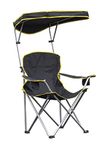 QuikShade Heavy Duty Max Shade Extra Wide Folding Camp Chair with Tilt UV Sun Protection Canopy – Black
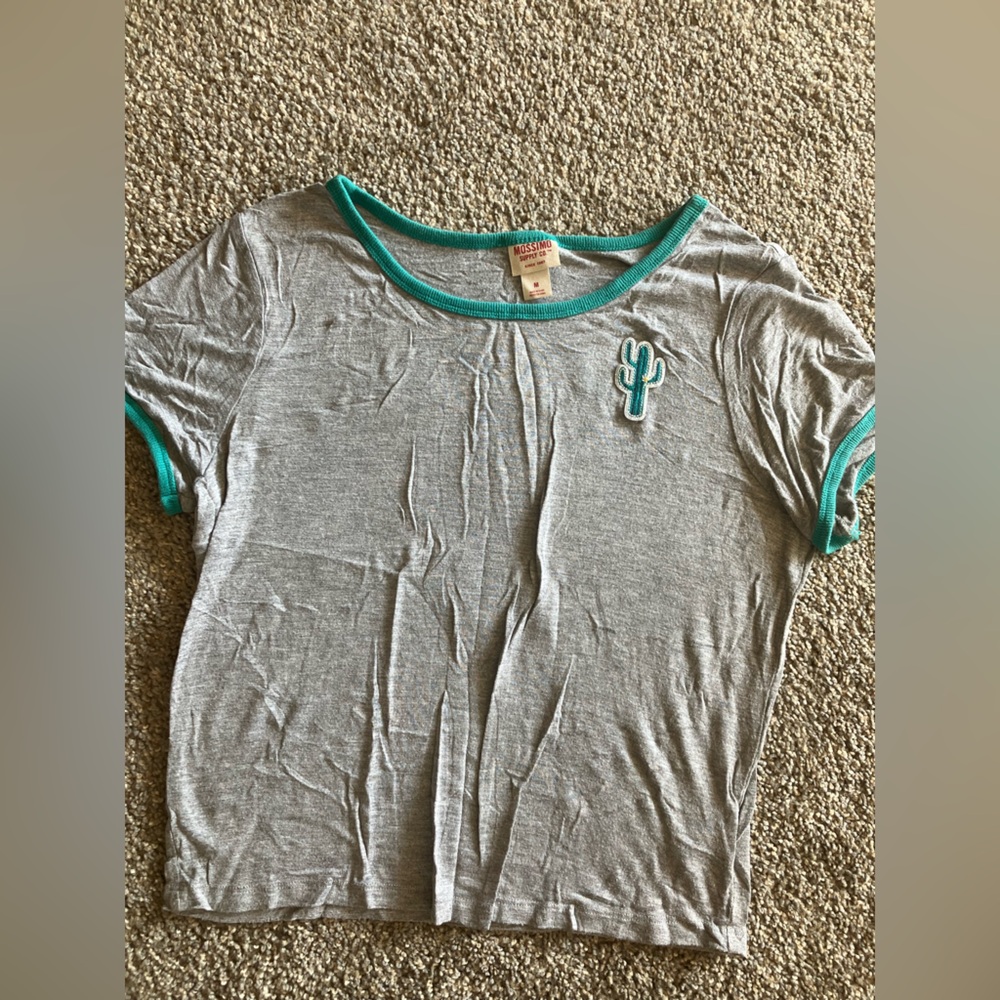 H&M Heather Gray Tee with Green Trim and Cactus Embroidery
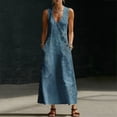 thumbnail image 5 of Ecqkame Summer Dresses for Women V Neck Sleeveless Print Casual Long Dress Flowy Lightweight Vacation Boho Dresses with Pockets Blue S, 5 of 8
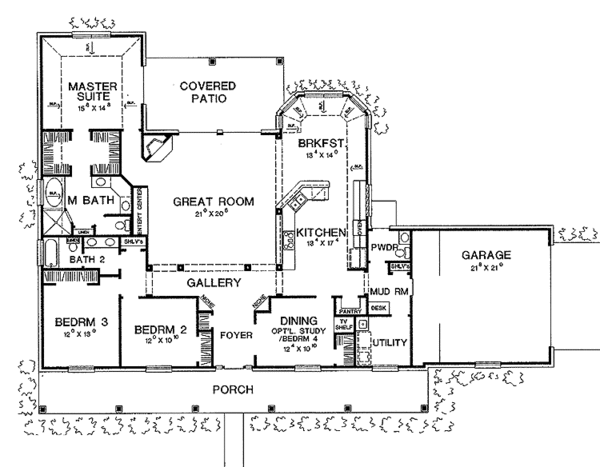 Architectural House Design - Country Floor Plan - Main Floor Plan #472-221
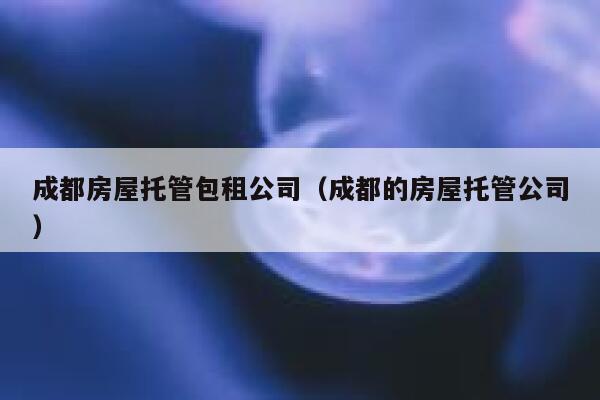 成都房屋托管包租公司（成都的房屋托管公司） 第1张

- - - - - - -

From the line containing "thumbnail image 5" to the end of the data above, give those lines again verbatim, with both endpoints included and no images.

 thumbnail image 5 of Ecqkame Summer Dresses for Women V Neck Sleeveless Print Casual Long Dress Flowy Lightweight Vacation Boho Dresses with Pockets Blue S, 5 of 8
 Architectural House Design - Country Floor Plan - Main Floor Plan #472-221
 成都房屋托管包租公司（成都的房屋托管公司） 第1张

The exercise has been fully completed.